**WHAT THE TASK ASKS:** All lines after the one containing "Download Lagu Brahms" are needed, along with that line itself. Please repeat them exactly through the end of the entries.

DATA EXCERPTS Start Marker

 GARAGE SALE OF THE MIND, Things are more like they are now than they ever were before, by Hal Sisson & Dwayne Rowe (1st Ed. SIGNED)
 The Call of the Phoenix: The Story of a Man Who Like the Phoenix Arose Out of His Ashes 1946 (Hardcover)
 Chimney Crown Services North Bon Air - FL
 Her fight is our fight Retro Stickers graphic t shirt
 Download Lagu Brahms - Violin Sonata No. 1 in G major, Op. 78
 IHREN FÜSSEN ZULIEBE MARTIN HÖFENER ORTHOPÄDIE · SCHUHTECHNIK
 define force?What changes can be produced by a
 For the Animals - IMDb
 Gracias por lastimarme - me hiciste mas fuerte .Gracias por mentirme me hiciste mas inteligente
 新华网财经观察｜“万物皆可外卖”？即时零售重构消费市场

DATA EXCERPTS End Marker

**ANSWER SPACE:**
 Download Lagu Brahms - Violin Sonata No. 1 in G major, Op. 78
 IHREN FÜSSEN ZULIEBE MARTIN HÖFENER ORTHOPÄDIE · SCHUHTECHNIK
 define force?What changes can be produced by a
 For the Animals - IMDb
 Gracias por lastimarme - me hiciste mas fuerte .Gracias por mentirme me hiciste mas inteligente
 新华网财经观察｜“万物皆可外卖”？即时零售重构消费市场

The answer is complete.